La Cérémonie
Dans Le Film
Jean-François Rauger
Murielle Joudet
Lorsque Chabrol revient sur la genèse de La Cérémonie (1994) il explique : « toute l'idée du film me vient d'un article paru dans le Figaro qui titrait « La chute du Mur de Berlin sonne le glas de la lutte des classes », c'est une phrase extraordinaire qui ne peut être écrite que par quelqu'un qui fait partie de la classe supérieure. L'effondrement du mur de Berlin ne pouvait que représenter un soulagement pour les nantis." Il ne faut pourtant pas attendre d'un cinéaste aussi subtil que lui qu'il réalise un film glorifiant et idéalisant le prolétariat. C'est même tout le contraire que fait Chabrol dans La Cérémonie en s'emparant d'un roman de l'écrivain britannique Ruth Rendell, "L'analphabète" (Judgement in Stone, 1977). Il ne s'agit plus, pour le cinéaste, d'observer cliniquement la bourgeoisie, mais de le faire depuis le regard de deux prolétaires, Sophie (Sandrine Bonnaire) et Jeanne (Isabelle Huppert), respectivement "bonne à tout faire" et postière.

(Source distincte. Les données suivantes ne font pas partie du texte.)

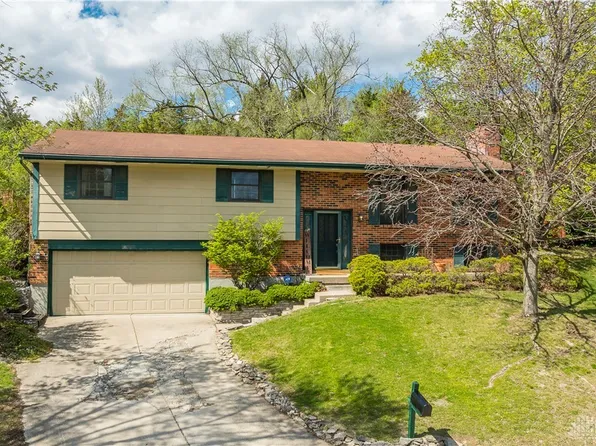 847 Stout Will Ct, Miamisburg, OH 45342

Quelque chose s'inverse insensiblement dans le portrait que Chabrol dresse de cette bourgeoisie qu'il filme habituellement, comme nous l'explique Jean-François Rauger, comme une caste qui se définit par sa capacité à se retenir et exister sur tout un tas de secrets inavouables qu'elle enfouie précautionneusement. Dans La Cérémonie, nous dit notre invité, il s'agit cette fois-ci d'une famille issue de la bourgeoisie moderne, décomplexée, sans histoire, ou plutôt se présentant comme telle. Non cette fois-ci le Mal, les secrets inavouables sont du côté des deux prolétaires, deux personnages sulfureux, deux folles qui vont commettre l'indéfendable et qui ne font rien pour qu'on les aime, pour qu'on s'identifie un tant soit peu à elles.

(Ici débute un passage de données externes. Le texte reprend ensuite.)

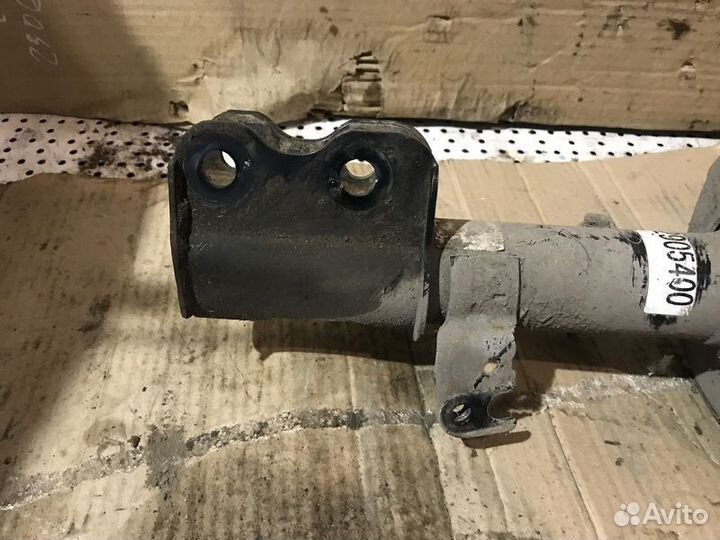 Стойка амортизатора переднего правого lifan Solano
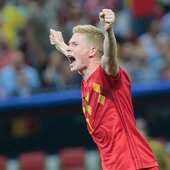 Kevin De Bruyne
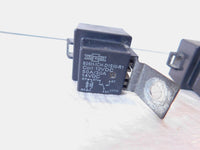 2008-2017 Victory Vision Tour Premium Rear Fender Lighting Harness Sealed Relays - C3 Cycle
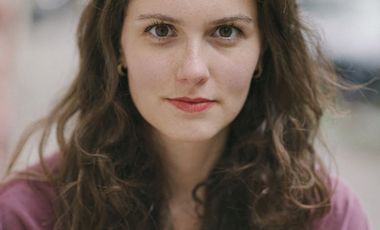 Maria Bidian ©Alexandra Bidian, 2023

Ce n'est pas la première fois que Chabrol s'inspire de faits divers concernant des femmes issues de la classe populaire : dans Violette Nozière (1976) il revenait sur l'histoire de cette jeune fille mythomane qui empoisonna sa famille et passionna la France toute entière, Une affaire de femmes (1988) revenait sur l'histoire de cette avorteuse qui finira guillotinée en 1943 et la Cérémonie renvoie aux soeurs Papin, deux employées de maison qui assassinèrent leurs patronnes. Trois faits divers des années 30, quatre héroïnes sanguinaires qui ont toute la sympathie d'un cinéaste comme Chabrol, car elles ont eu la capacité de dynamiter, de créer du chaos au sein d'une France bourgeoise, patriarcale, inégalitaire et pourrie de l'intérieur (on est en pleine montée du nazisme).
Il suffit de voir les trois films (tous des grands Chabrol, tous avec Isabelle Huppert) pour comprendre que le cinéaste tient à nous laisser démunis face d'une question insoluble : acte de révolte ou de malade mentale ? Dans la Cérémonie, Jeanne et Sophie commettent évidemment un acte monstrueux or le cinéaste confie "j'ai eu beaucoup de mal à ne pas faire l'apologie totale de ces deux filles". A l'inverse, ce n'est pas par ses actes que la bourgeoisie pêche, puisqu'elle «n'est attaquable que par son état, c'est ça le marxisme ». C'est cette distinction absolument passionnante que Chabrol nous donne ici à penser.